Quantum computers

John Clark (jonkc@worldnet.att.net)
Mon, 16 Aug 1999 02:24:23 -0400

Hash: SHA1

>Patrick Wilken wrote: [crypto is secure] presumably only until we develop
>reasonable quantum computing. How long is that going to take? 20years? Are
>their any encryption schemes that will hold up to a QCs assault?

>Spike Jones <spike66@ibm.net>
>Actually, yes. The crypto guys can make their codes arbitrarily secure
>simply by making the keys arbitrarily long. With QC, the length of the
>keys would make them a pain in the ass, of course. Even if we continue
>Moore's Law-ing for the foreseeable future, given longer keys, computers
>will not be able to overpower the algorithm found in PGP. spike

If a practical quantum is ever built PGP is dead, just making the key larger is a lousing proposition, you'll never keep up. When a conventional 64 bit single processor computer performs an operation, it does it on one 64 bit number at a time. When a 64 bit (actually a 64 qubit) single processor quantum computer performs an operation, it does it on all 64 bit numbers at the same time, all 2^64 of them, more than a billion billion, and any increase in the number of qubits the computer can handle will increase it's already astronomical power exponentially.

However you could still communicate privately if you used quantum cryptography.

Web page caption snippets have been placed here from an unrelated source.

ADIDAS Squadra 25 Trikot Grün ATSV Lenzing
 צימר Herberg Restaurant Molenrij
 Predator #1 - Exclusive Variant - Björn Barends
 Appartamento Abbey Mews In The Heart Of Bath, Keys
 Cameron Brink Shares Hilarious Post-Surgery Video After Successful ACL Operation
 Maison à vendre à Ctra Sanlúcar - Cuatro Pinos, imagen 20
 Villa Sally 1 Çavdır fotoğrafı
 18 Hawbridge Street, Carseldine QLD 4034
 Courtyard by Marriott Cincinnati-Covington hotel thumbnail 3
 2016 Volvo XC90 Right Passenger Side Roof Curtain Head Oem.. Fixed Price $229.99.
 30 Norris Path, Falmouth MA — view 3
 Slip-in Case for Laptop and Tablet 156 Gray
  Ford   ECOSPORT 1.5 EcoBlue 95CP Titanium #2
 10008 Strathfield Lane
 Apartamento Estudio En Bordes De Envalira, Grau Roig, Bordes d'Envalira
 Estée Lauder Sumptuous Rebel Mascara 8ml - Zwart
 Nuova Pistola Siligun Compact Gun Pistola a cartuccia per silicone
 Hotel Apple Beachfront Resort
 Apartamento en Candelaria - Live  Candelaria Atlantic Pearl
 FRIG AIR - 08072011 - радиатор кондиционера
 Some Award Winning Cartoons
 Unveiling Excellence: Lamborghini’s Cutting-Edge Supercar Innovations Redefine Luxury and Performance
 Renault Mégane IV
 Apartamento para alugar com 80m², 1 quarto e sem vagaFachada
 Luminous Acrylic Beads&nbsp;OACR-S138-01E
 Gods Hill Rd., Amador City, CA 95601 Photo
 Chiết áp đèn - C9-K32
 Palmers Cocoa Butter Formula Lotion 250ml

I written a post on quantum cryptography before, if anybody's interested I'll try to dig it out and re-send it.

Hal said that a working quantum computer would not prove that the many world interpretation is correct and he's right, but it would make it much more popular. You'd have to understand such a beast pretty well to program it and the many world way would probably be the clearest way to think about it.